With pictures excluded, copy word for word the lines in the data below from the line containing "Carlyle Lounge Chair-1566212039" through the line containing "Module DAC HAT".

**The data**
---

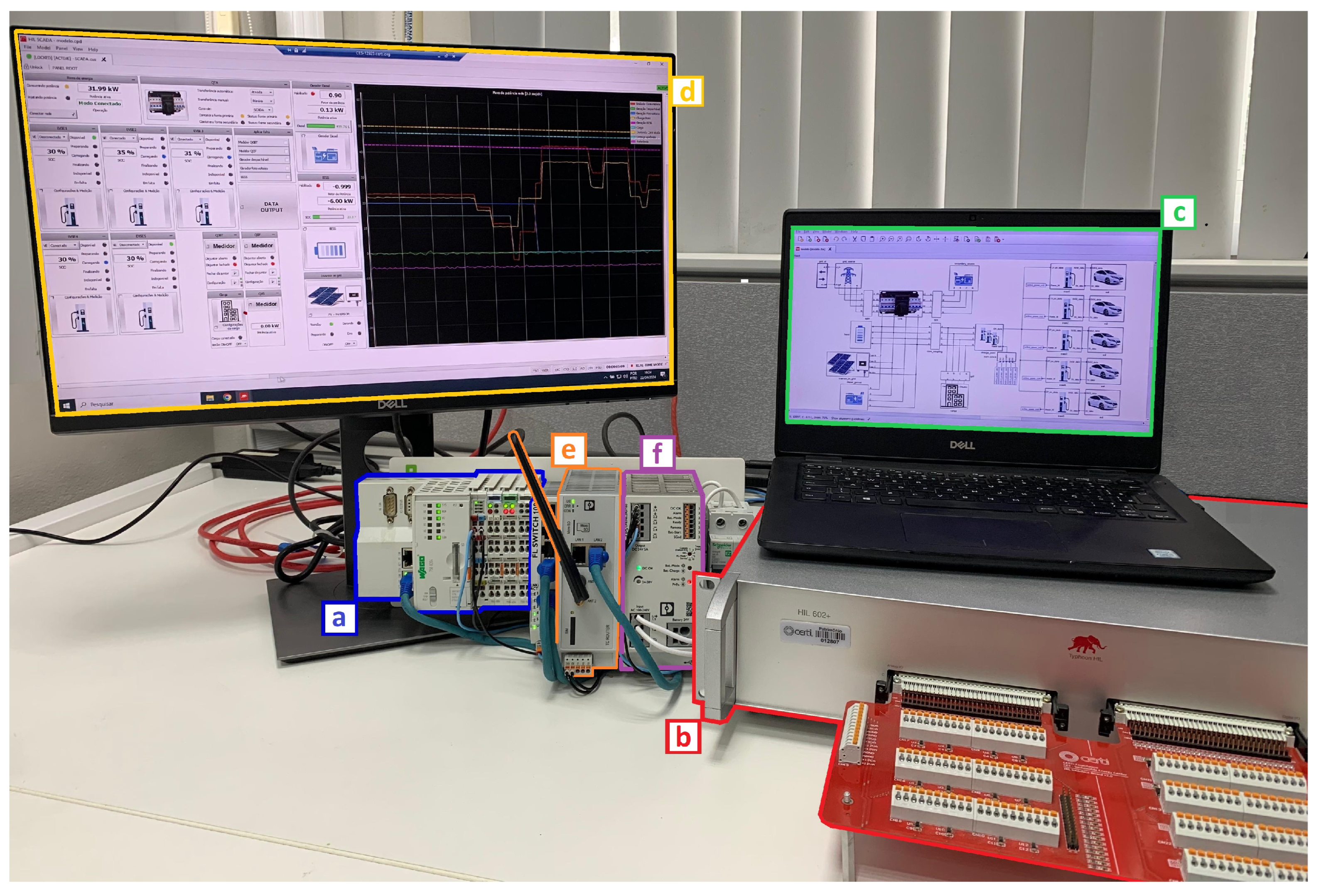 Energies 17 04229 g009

---

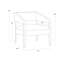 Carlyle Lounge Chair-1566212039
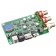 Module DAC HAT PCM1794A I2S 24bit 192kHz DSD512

---

**Response to this task**
 Carlyle Lounge Chair-1566212039
 Module DAC HAT PCM1794A I2S 24bit 192kHz DSD512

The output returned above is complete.